WHAT YOU ARE ASKED TO DO: For this exercise, the lines from the one with "BRANDIT Мъжка риза" through the final line of the data below are to be transcribed exactly, and pictures are to be skipped.

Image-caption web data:
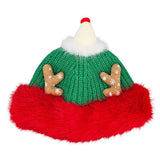 Fuzzy Fur Antlers Accent Christmas Knit Beanie Hat - Madeline Love - Flyclothing LLC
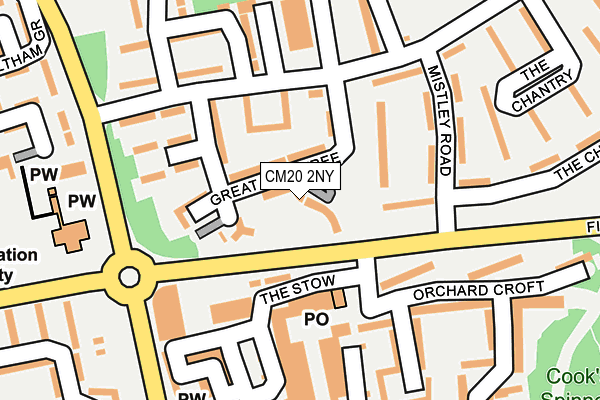 CM20 2NY map - OS OpenMap – Local (Ordnance Survey)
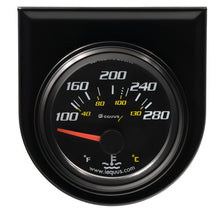 Load image into Gallery viewer, EQUUS E6262 - 2.0 Dia Water Temp Gauge Black  100-280 image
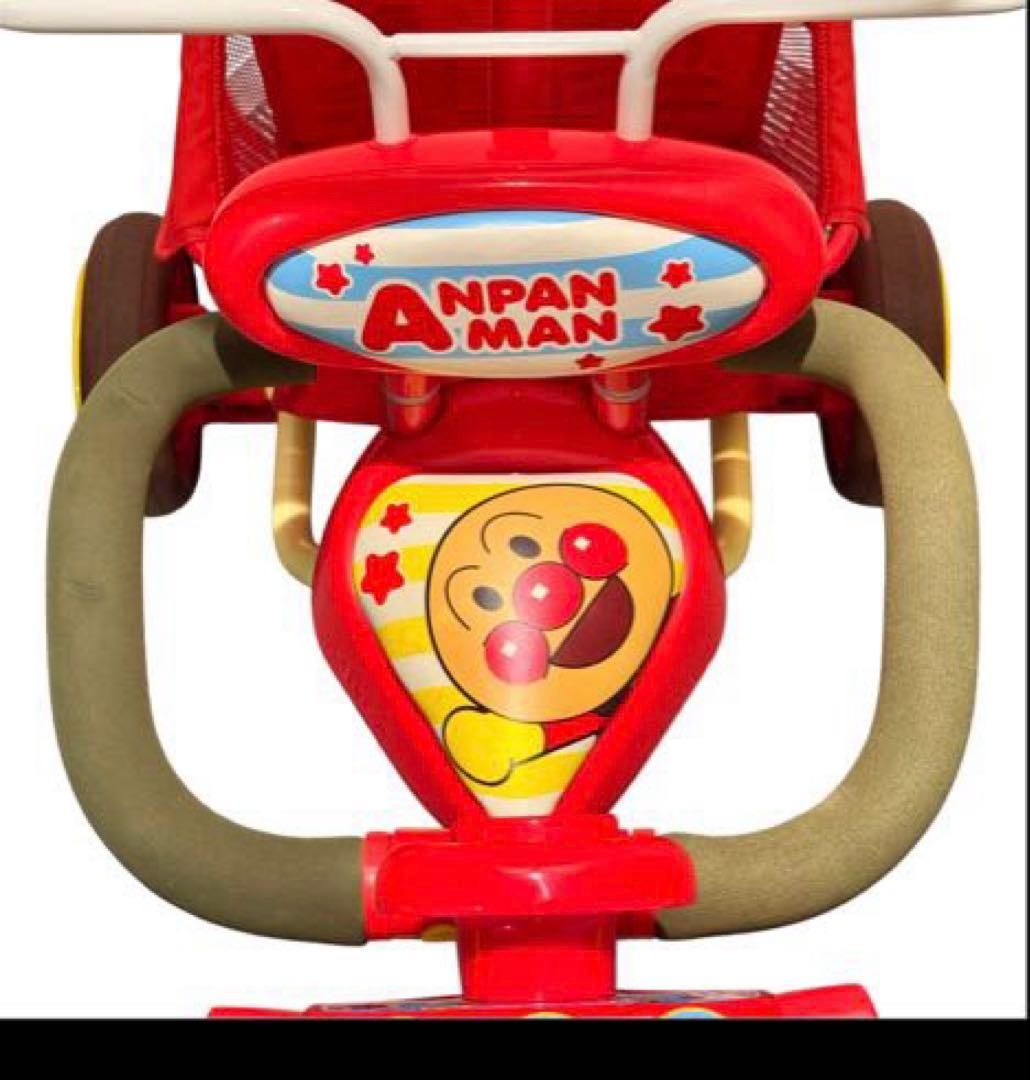 アンパンマン デラックスII三輪車 サンシェード&足置きステップボード付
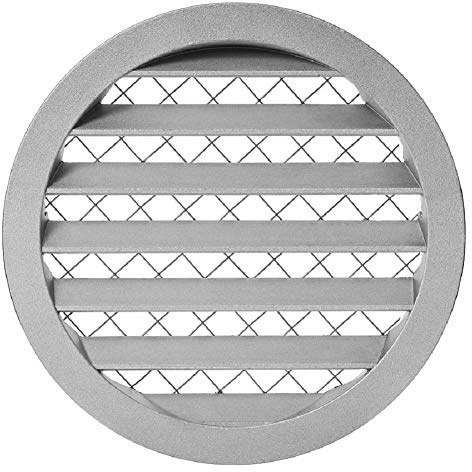 Ø 160mm Aluminium Lüftungsgitter Abluftgitter Rund Gitter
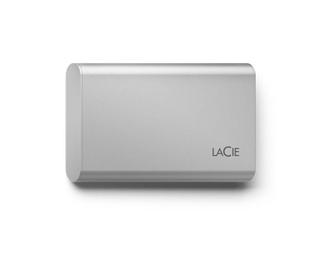 LaCie Portable SSD STKS2000400 - SSD - 2 TB - external (portable) - USB (USB-C connector) - moon silver - with Seagate Rescue Data Recovery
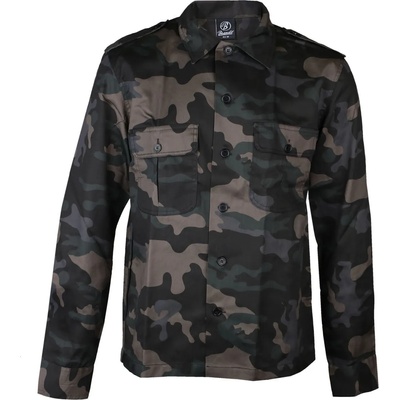 BRANDIT Мъжка риза BRANDIT - НАС Hemd 1/1 - 4102-darkcamo
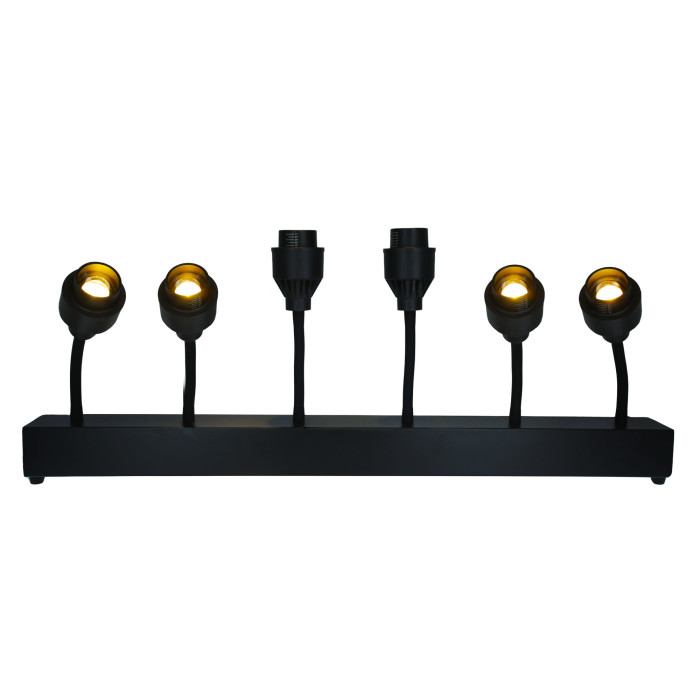 Barre 6 Spots De 15W Blanc Chaud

REPLY TO THE EXERCISE:
 BRANDIT Мъжка риза BRANDIT - НАС Hemd 1/1 - 4102-darkcamo
 Barre 6 Spots De 15W Blanc Chaud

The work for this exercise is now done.